В агентурных донесениях, поступавших в штаб Забайкальского фронта, говорилось: Чанчунь, столица Маньчжоу-Го, уже несколько дней объят паникой, на юг, в сторону Мукдена, непрерывным потоком идут автомашины, с железнодорожных станций ежечасно отходят поезда, переполненные японцами: чиновники, коммерсанты, владельцы предприятий. В этой ситуации Военный совет фронта решил высадить в Чанчуне и Мукдене воздушные десанты и вместе с ними своих уполномоченных для переговоров с японским командованием о безоговорочной капитуляции Квантунской армии. К главнокомандующему Квантунской армией генералу Ямада, находившемуся в своей резиденции в Чанчуне, направлялся полковник Артеменко. Ему был вручен мандат-удостоверение за подписью маршала Малиновского и текст ультиматума. Родион Яковлевич сам приехал на аэродром проводить парламентерскую группу и пожелать ей, как он выразился, ни пуха ни пера.

В восемь утра восемнадцатого августа группа полковника Артеменко вылетела с монгольского аэродрома и взяла курс на юго-восток. Самолет прошел над Большим Хинганом в грозовых тучах и приземлился на маньчжурской территории, у города Тунляо, на окраине которого еще были бои. Здесь парламентеров встретил командующий 6-й гвардейской танковой армией генерал-полковник танковых войск Кравченко, выделявший личный состав для десанта. Кравченко и его штабисты совместно с прибывшей группой проработали все, что относилось к приземлению десанта в Чанчуне и выполнению боевых задач после посадки. Утром девятнадцатого транспортный самолет с парламентерской группой, сопровождаемый девяткой «яков», вылетел из Тунляо, курс — на Чанчунь. А генералу Отодзо Ямада радировали:

«Сегодня, 19 августа, в 8.00 парламентерская группа в составе пяти офицеров и шести рядовых, возглавляемая уполномоченным командующего Забайкальским фронтом полковником Артеменко И. Т., самолетом СИ-47 в сопровождении девяти истребителей отправлена в штаб Квантунской армии с ультиматумом о безоговорочной капитуляции и прекращении сопротивления. В последний раз требую обеспечить и подтвердить гарантию на перелет. В случае нарушения международных правил вся ответственность ляжет на вас лично. Р. Я. Малиновский, командующий Забайкальским фронтом, Маршал Советского Союза».

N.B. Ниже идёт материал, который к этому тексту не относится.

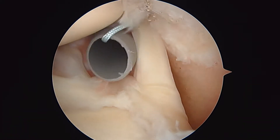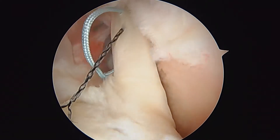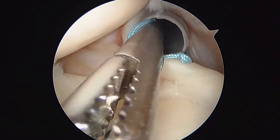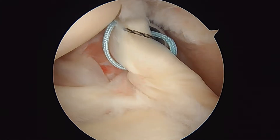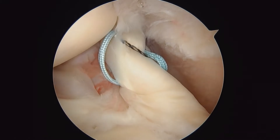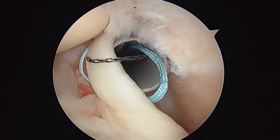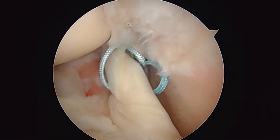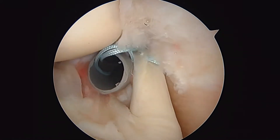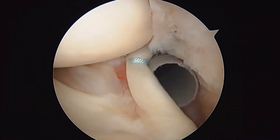We'll take the spinal needle back and a grasper back also. Now we've got the second wire pass — look how we're going to go behind the biceps this time. We'll retrieve the relay and load the relay one more time. You can see how that comes through. The reason we do it that way is because it gives us a purse string stitch around the biceps. You can see how when we pull tight on that suture, this gives us a very tight hold on the biceps tendon. I'm very happy with that.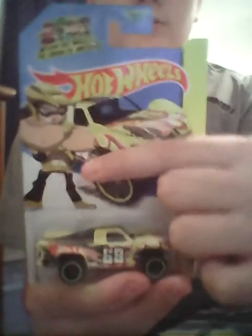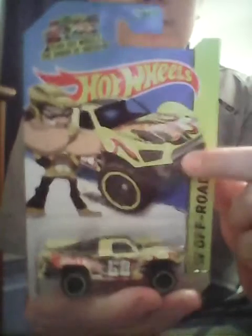So instead of the usual version of the Baja Truck, we get this version. I absolutely love it. As you can see, you have the little Hot Wheels Origin of Awesome character right here, then the picture of the car, the segment name Hot Wheels Off-Road, and then the actual car and its name.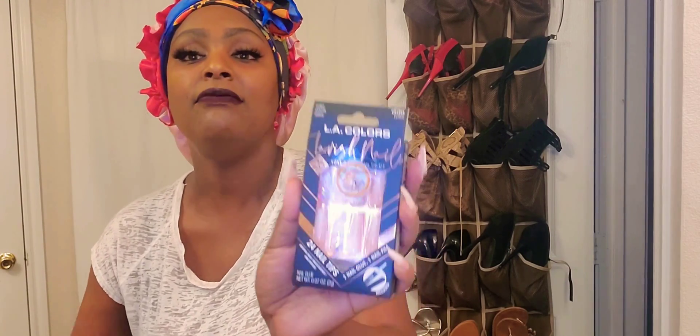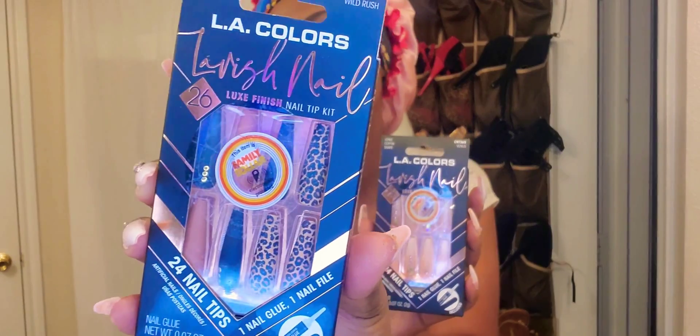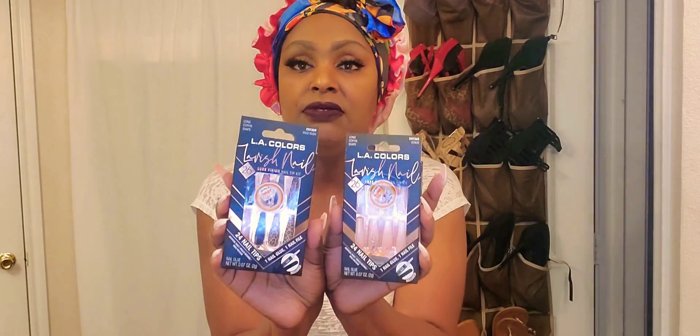If you're wondering what nails I have on, I got these from Family Dollar. I also saw someone in a video with these and thought they were really cute, so I got both sets from Family Dollar — not Dollar Tree, Family Dollar.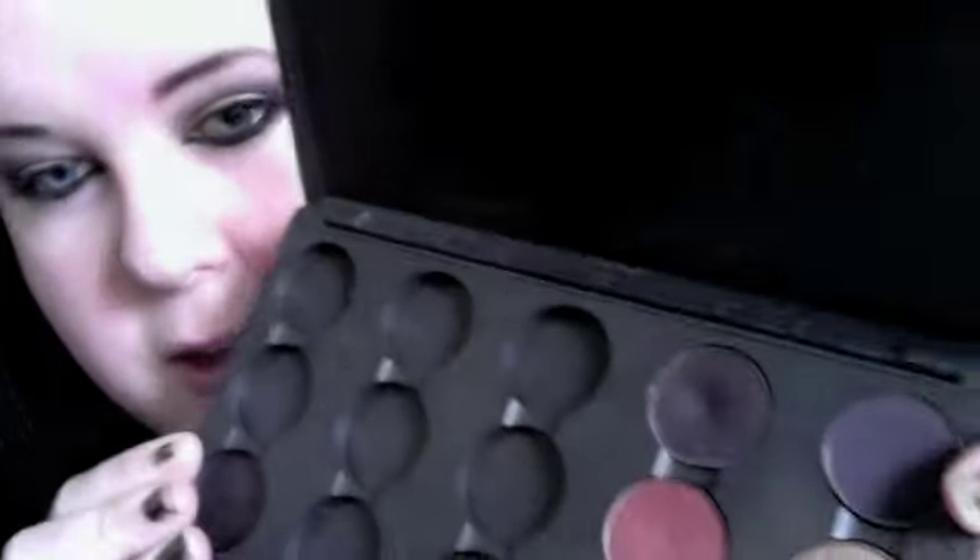I took Beauty Marked, which is that shade, and I just filled in my eyebrows quickly. Then I smudged it around under here and up over there and up in like a C-shape. Then I took Shadowy Lady, which is this one.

В полдень над военным аэродромом Чанчуня появилась советская эскадрилья, сопровождавшая транспортный самолет. Маньчжурская столица была придавлена туманом и пеленой дождя-ситничка. Звено «яков», прикрываемое с воздуха другими истребителями, приземлилось в центре расположения японских самолетов, стоявших несколькими рядами и не успевших даже взлететь. Лишь трем самолетам это удалось, но они были отогнаны из зоны аэродрома. Сел и транспортный самолет. Парламентерская группа вышла, выкатили легковой автомобиль. Парламентеры направились в комендатуру аэродрома.

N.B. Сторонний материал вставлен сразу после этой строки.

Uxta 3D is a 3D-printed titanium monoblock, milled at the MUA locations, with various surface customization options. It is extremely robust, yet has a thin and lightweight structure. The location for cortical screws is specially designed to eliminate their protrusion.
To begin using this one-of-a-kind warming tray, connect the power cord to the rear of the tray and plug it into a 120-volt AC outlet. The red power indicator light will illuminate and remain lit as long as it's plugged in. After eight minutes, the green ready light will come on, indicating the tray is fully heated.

Войдя в комнату, полковник Артеменко по-хозяйски оглядывается, приказывает:

— Свяжите меня со штабом Квантунской армии.

Капитан-переводчик переводит. Японцы из-за столов с разложенными бумагами и бутылками пива, растерявшиеся, угодливо кивают.

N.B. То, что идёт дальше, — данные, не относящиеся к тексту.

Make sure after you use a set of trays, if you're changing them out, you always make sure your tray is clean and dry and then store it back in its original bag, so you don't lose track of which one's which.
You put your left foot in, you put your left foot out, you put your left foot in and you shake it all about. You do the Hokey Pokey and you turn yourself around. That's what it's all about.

— Господа, — говорит Артеменко, — занимайтесь, пожалуйста, своими делами. Пива выпейте, полдень очень жаркий...

Видимо, от великой растерянности некоторые японцы и точно пьют пиво. Артеменко говорит:

— Ну, вот и порядок. Генерал Ямада ждет нас. Мы поехали. Извините, что побеспокоили. Всего вам приятного!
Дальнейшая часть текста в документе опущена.